This problem involves finding the diameter of a cone given its volume and height. We'll use the formula for the volume of a cone to solve for the radius, and then double the radius to find the diameter....
The Formula for Cone Volume
The volume (V) of a cone is calculated using the following formula:
V = (1/3)πr²h
Where:
- r is the radius of the cone's base
- h is the height of the cone
- π is a mathematical constant approximately equal to 3.14159
Solving for the Radius
We know the volume (V) is 20π cubic meters and the height (h) is 10 meters.
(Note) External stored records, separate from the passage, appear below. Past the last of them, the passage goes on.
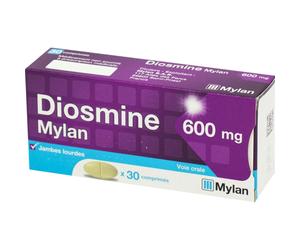 Mylan Diosmine 600mg Jambes Lourdes 30 Comprimés
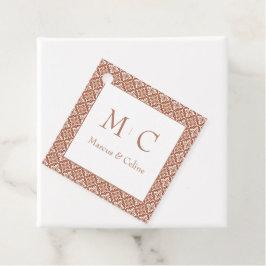 Etiquetas Para Lembrancinhas Terracotta Burnt Orange Tuscan Villa Casamento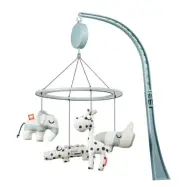 Done by Deer musikmobil spegel Sleepy, blue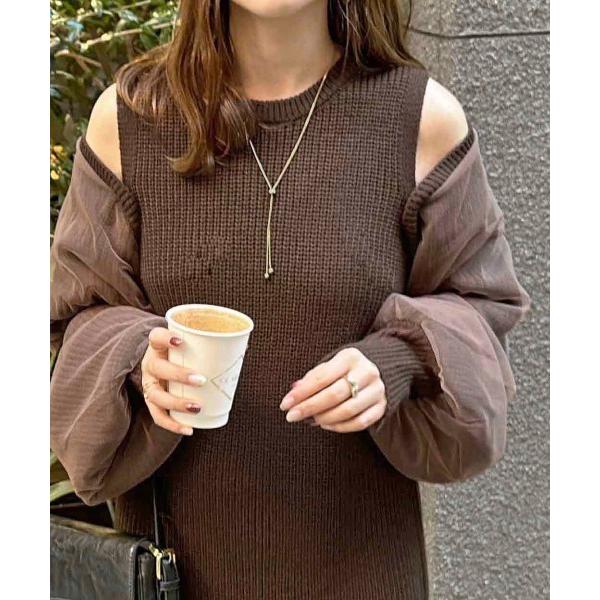 『タイムセール実施中』参考価格：6，995円発売時期：2024年12月コンディション：B（目立つ使用感なし）使用感が少ない、または気にならないアイテム全体的：毛玉参考商品名：【apres jour clair】チュールボレロセットニットワン...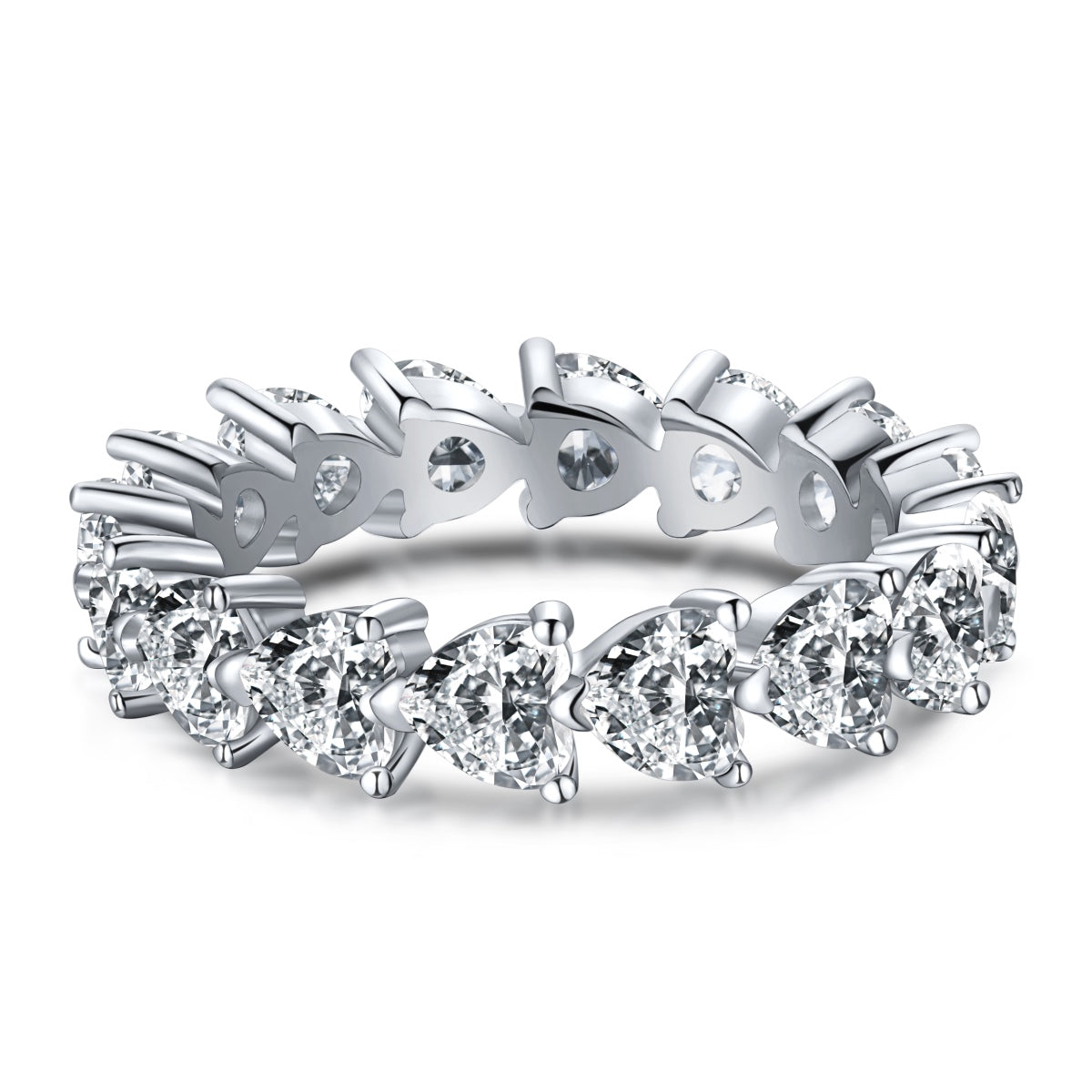 [Royal Jewellery]0.25 Carat Radiant Romance Heart Cut Lover Ring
Let's substitute these values into the formula and solve for the radius (r):
20π = (1/3)πr² * 10
Simplifying the equation:
20π = (10/3)πr²
Dividing both sides by (10/3)π:
20π / ((10/3)π) = r²
This simplifies to:
6 = r²
Taking the square root of both sides:
√6 = r
Therefore, the radius (r) of the cone is approximately √6 meters.
Calculating the Diameter
The diameter (d) of a circle is twice its radius. So, the diameter of the cone's base is:
d = 2r = 2 * √6 ≈ 4.9 meters
Answer
Therefore, the diameter of the cone is approximately **4.9 meters** when rounded to the nearest tenth.